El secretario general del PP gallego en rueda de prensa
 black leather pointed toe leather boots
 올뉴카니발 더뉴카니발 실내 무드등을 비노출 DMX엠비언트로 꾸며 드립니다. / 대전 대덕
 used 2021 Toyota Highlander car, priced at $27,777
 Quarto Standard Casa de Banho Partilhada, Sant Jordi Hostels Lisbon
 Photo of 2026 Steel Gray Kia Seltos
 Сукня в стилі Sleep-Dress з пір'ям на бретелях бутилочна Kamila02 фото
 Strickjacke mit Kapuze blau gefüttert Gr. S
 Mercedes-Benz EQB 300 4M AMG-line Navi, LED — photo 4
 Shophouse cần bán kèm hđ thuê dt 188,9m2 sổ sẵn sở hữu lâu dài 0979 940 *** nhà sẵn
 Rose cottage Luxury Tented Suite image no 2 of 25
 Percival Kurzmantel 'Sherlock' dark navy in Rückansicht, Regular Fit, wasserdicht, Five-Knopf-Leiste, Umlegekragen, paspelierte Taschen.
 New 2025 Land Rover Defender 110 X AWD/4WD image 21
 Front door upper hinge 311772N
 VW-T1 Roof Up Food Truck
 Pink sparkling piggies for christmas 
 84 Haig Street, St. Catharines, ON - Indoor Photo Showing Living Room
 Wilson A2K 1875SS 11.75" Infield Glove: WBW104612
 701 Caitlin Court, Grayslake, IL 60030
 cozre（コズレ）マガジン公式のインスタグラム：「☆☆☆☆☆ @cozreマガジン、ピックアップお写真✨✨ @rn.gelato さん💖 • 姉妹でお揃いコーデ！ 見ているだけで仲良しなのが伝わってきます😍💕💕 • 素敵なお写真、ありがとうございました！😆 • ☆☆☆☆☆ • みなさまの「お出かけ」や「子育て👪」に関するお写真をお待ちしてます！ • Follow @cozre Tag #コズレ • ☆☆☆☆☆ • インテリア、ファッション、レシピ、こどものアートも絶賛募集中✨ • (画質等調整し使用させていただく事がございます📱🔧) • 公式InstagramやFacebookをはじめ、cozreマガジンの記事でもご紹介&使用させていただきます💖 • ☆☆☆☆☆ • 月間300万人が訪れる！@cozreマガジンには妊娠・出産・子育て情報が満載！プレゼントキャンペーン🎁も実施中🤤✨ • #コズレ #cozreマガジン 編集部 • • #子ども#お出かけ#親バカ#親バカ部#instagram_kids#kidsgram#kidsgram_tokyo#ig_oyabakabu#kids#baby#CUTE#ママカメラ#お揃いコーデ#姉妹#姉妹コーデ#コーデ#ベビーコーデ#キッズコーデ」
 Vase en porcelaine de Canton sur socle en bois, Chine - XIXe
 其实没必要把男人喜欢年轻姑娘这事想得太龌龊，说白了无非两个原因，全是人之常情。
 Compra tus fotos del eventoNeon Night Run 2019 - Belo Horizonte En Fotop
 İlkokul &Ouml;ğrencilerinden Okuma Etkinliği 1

---+---

WORK INSTRUCTIONS> All entries above are to be copied exactly, with none left out.

WRITTEN REPLY>
El secretario general del PP gallego en rueda de prensa
 black leather pointed toe leather boots
 올뉴카니발 더뉴카니발 실내 무드등을 비노출 DMX엠비언트로 꾸며 드립니다. / 대전 대덕
 used 2021 Toyota Highlander car, priced at $27,777
 Quarto Standard Casa de Banho Partilhada, Sant Jordi Hostels Lisbon
 Photo of 2026 Steel Gray Kia Seltos
 Сукня в стилі Sleep-Dress з пір'ям на бретелях бутилочна Kamila02 фото
 Strickjacke mit Kapuze blau gefüttert Gr. S
 Mercedes-Benz EQB 300 4M AMG-line Navi, LED — photo 4
 Shophouse cần bán kèm hđ thuê dt 188,9m2 sổ sẵn sở hữu lâu dài 0979 940 *** nhà sẵn
 Rose cottage Luxury Tented Suite image no 2 of 25
 Percival Kurzmantel 'Sherlock' dark navy in Rückansicht, Regular Fit, wasserdicht, Five-Knopf-Leiste, Umlegekragen, paspelierte Taschen.
 New 2025 Land Rover Defender 110 X AWD/4WD image 21
 Front door upper hinge 311772N
 VW-T1 Roof Up Food Truck
 Pink sparkling piggies for christmas 
 84 Haig Street, St. Catharines, ON - Indoor Photo Showing Living Room
 Wilson A2K 1875SS 11.75" Infield Glove: WBW104612
 701 Caitlin Court, Grayslake, IL 60030
 cozre（コズレ）マガジン公式のインスタグラム：「☆☆☆☆☆ @cozreマガジン、ピックアップお写真✨✨ @rn.gelato さん💖 • 姉妹でお揃いコーデ！ 見ているだけで仲良しなのが伝わってきます😍💕💕 • 素敵なお写真、ありがとうございました！😆 • ☆☆☆☆☆ • みなさまの「お出かけ」や「子育て👪」に関するお写真をお待ちしてます！ • Follow @cozre Tag #コズレ • ☆☆☆☆☆ • インテリア、ファッション、レシピ、こどものアートも絶賛募集中✨ • (画質等調整し使用させていただく事がございます📱🔧) • 公式InstagramやFacebookをはじめ、cozreマガジンの記事でもご紹介&使用させていただきます💖 • ☆☆☆☆☆ • 月間300万人が訪れる！@cozreマガジンには妊娠・出産・子育て情報が満載！プレゼントキャンペーン🎁も実施中🤤✨ • #コズレ #cozreマガジン 編集部 • • #子ども#お出かけ#親バカ#親バカ部#instagram_kids#kidsgram#kidsgram_tokyo#ig_oyabakabu#kids#baby#CUTE#ママカメラ#お揃いコーデ#姉妹#姉妹コーデ#コーデ#ベビーコーデ#キッズコーデ」
 Vase en porcelaine de Canton sur socle en bois, Chine - XIXe
 其实没必要把男人喜欢年轻姑娘这事想得太龌龊，说白了无非两个原因，全是人之常情。
 Compra tus fotos del eventoNeon Night Run 2019 - Belo Horizonte En Fotop
 İlkokul &Ouml;ğrencilerinden Okuma Etkinliği 1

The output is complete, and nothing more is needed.